5. The scope of S. 41 of the Act was considered by this Bench in C. Muniruddin v. Peirce Leslie & Co., Ltd., Mangalore, and others [1966 - I L.L.J. 271]. Therein, interpreting S. 41(2) of the Act, we held that the appellate authority has to decide the appeal preferred. 'To decides the appeal' means to go into the merits of the appeal and pronounce on the same. A Bench of the Madras High Court in Srirangam, Janopakara Bank, Ltd. v. Rangarajan (S.) and another [1964 - I L.L.J. 221] laid down that orders passed by the appellate authority should be supported by reasons.
6. Interpreting Ss. 41 and 42 of the Mysore Shops and Establishments Act (S. 41 of that Act is similar to S. 41 of the Act), a Bench of this court observed that in the case of an appeal against the termination of services under the first part of Sub- section (1) of S. 41 of the Mysore shops and Establishments Act, 1948 the point for investigation in the appeal is, whether there existed reasonable ground for such termination In the case of an appeal against dismissal under the second part of Sub-section (1) the point for investigation would be whether the employer's finding that the appellant was guilty of misconduct is supported by satisfactory evidence recorded at an enquiry held by the employer for the purpose as indicated in Sub-section (1).
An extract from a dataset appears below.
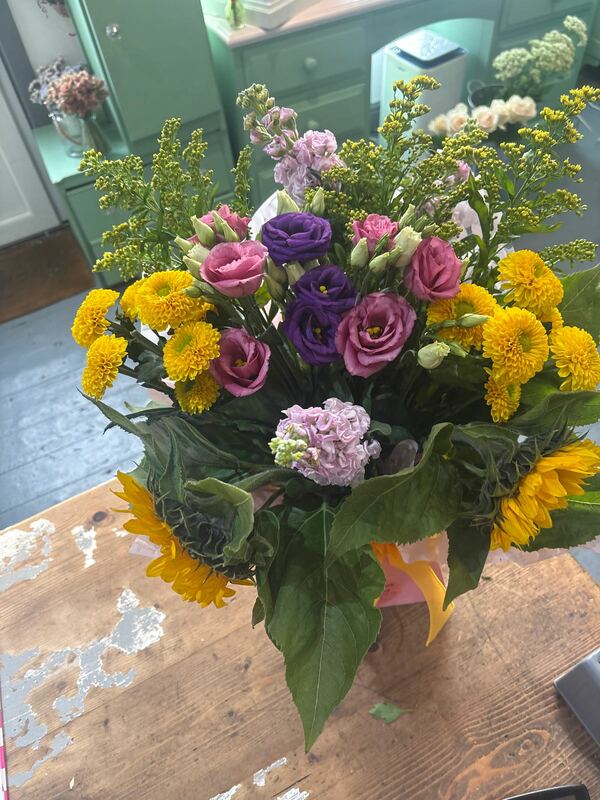 Flowers delivered to customer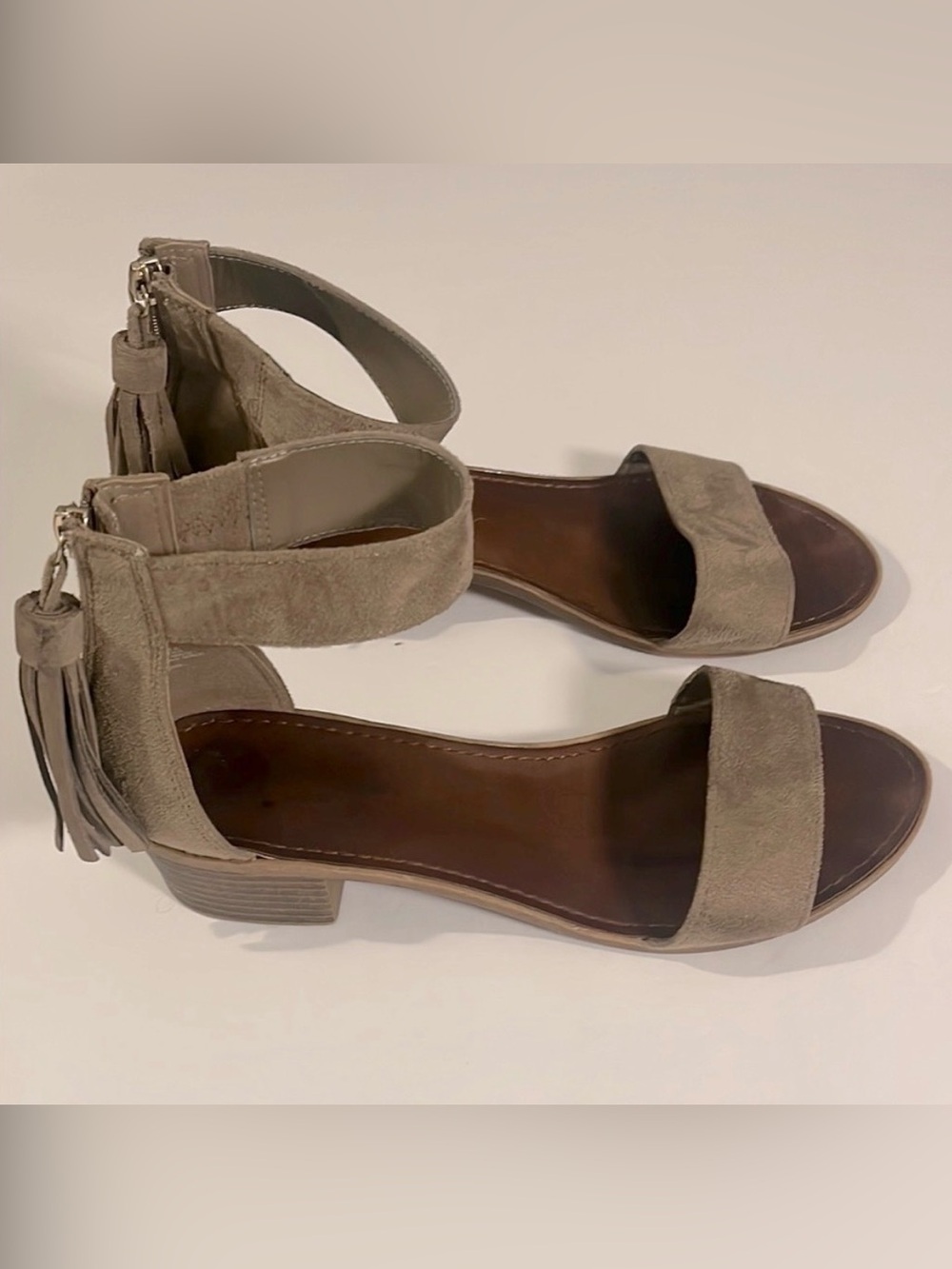 Rock & Candy Elegant Tan Suede Women's Sandals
7. It is quite obvious that respondent 1, when he decided the appeal, was unaware of the true scope of S. 41 of the Act. He did not exercise his appellate powers in accordance, with S. 41 Hence his order is unsustainable.
8. For the reasons mentioned above, this petition is allowed and the order impugned quashed. The case is remitted back to respondent 1 for disposal according to law in the light of the observations made above. Respondent 2 shall pay the costs of the petitioner in this petition. Advocate's fee Rs. 100.